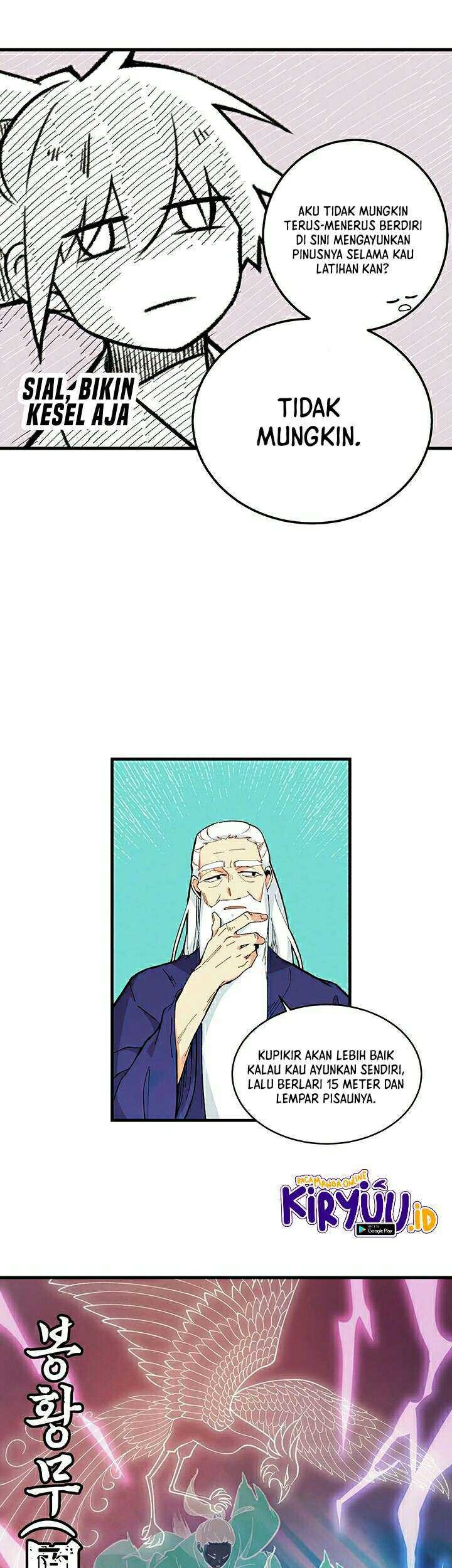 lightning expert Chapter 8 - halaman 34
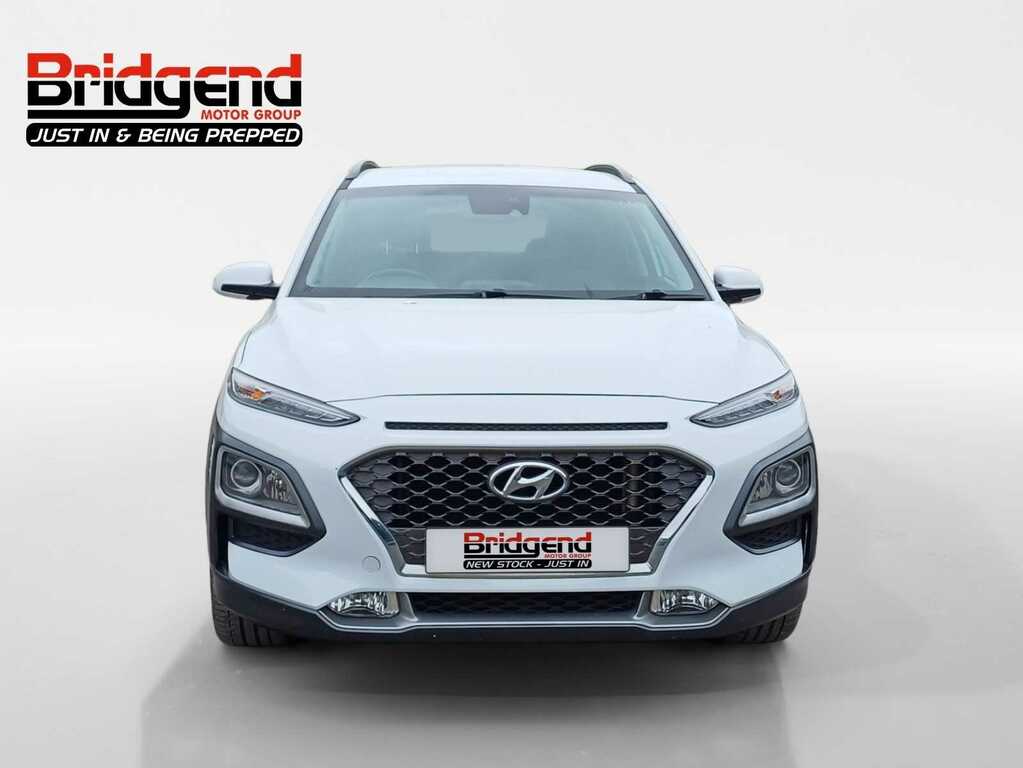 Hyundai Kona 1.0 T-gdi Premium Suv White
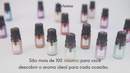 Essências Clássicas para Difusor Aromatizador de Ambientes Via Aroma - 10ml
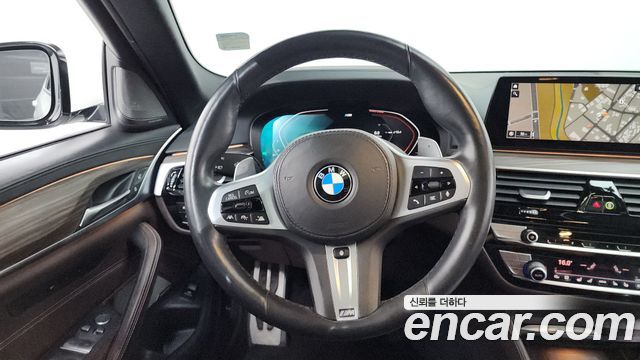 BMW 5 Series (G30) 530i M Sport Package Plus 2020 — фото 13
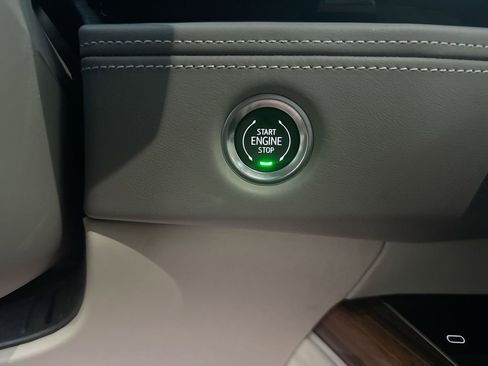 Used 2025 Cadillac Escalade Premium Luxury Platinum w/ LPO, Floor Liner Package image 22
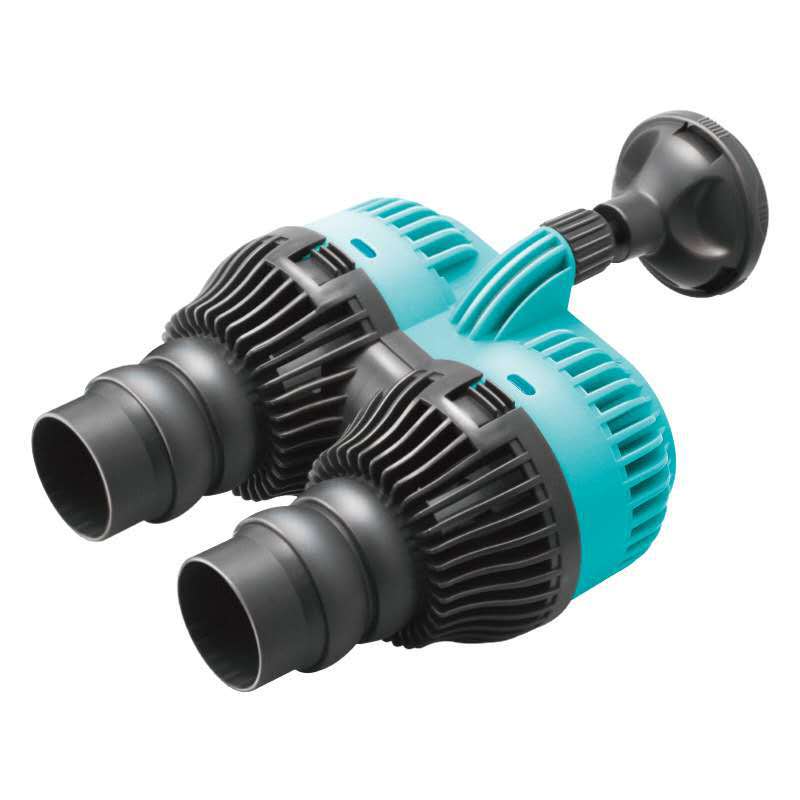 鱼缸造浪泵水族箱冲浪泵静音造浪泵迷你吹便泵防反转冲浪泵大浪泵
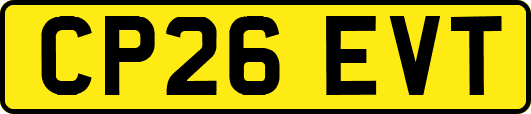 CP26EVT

□ □ □

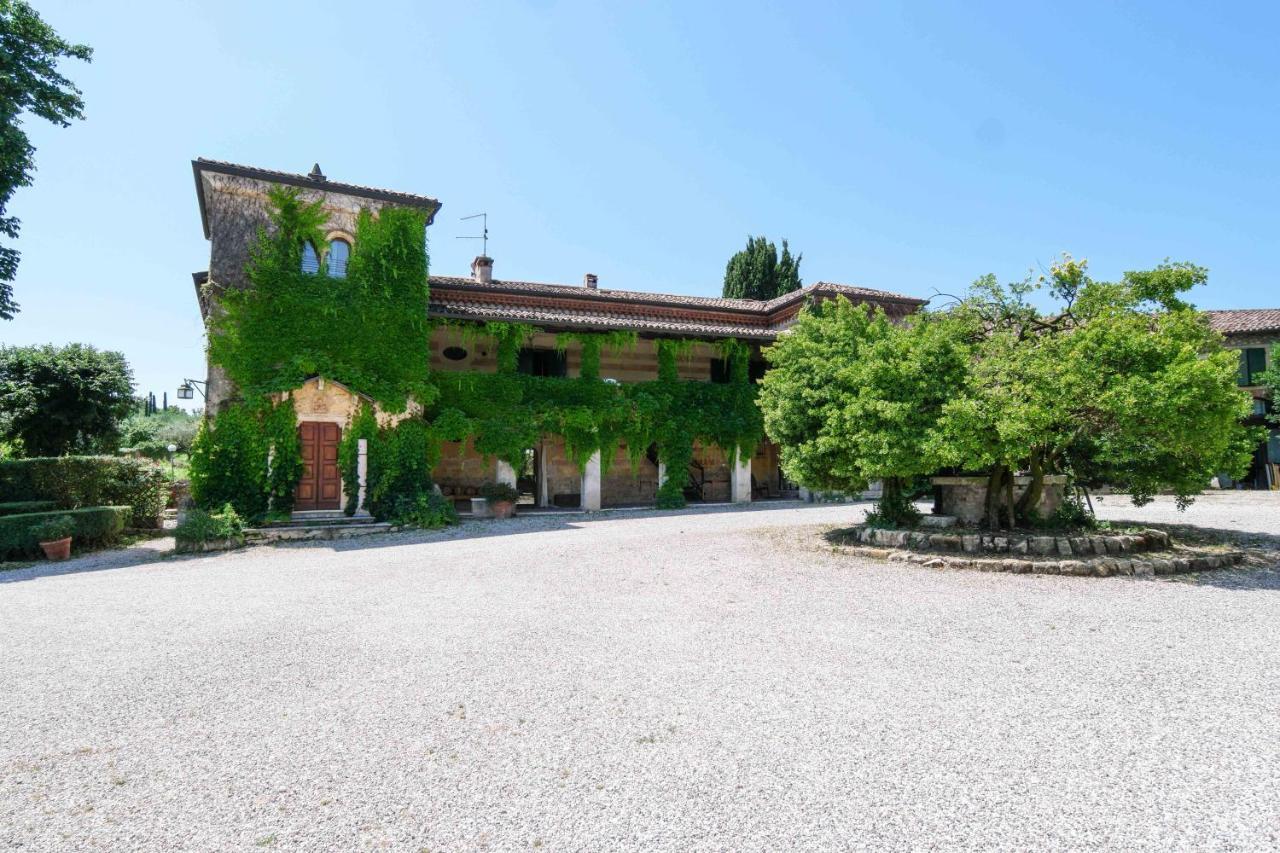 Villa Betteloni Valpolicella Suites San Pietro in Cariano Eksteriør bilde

□ □ □

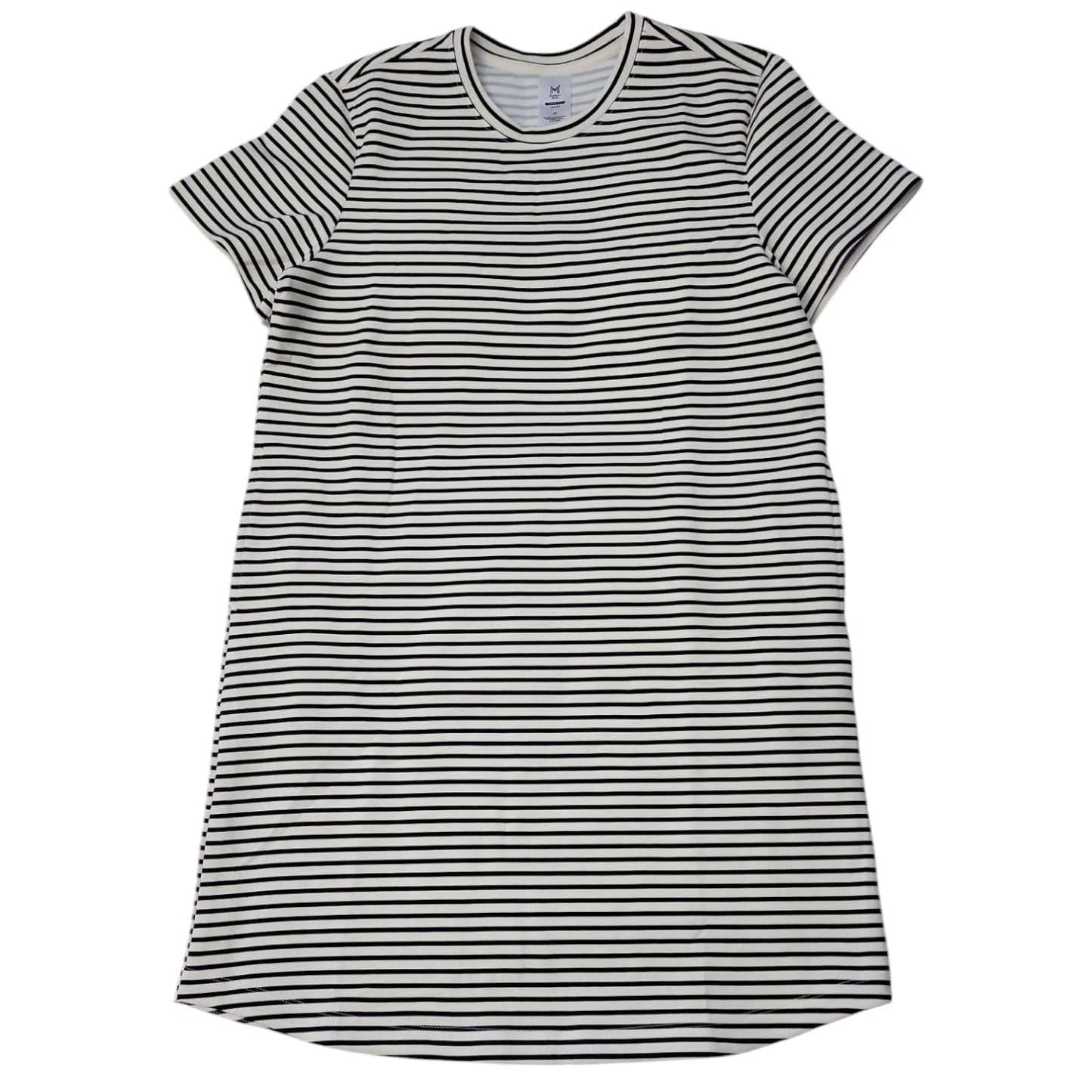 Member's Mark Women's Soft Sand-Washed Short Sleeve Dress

□ □ □

WHAT THE TASK ASKS. The line holding "lightning expert Chapter 8 - halaman 34" starts the copy and the line holding "BMW 5 Series" ends it. Repeat those two lines above and all between them exactly, leaving out pictures.

RESULT OF THE EXERCISE.
 lightning expert Chapter 8 - halaman 34
 Hyundai Kona 1.0 T-gdi Premium Suv White
 Essências Clássicas para Difusor Aromatizador de Ambientes Via Aroma - 10ml
 BMW 5 Series (G30) 530i M Sport Package Plus 2020 — фото 13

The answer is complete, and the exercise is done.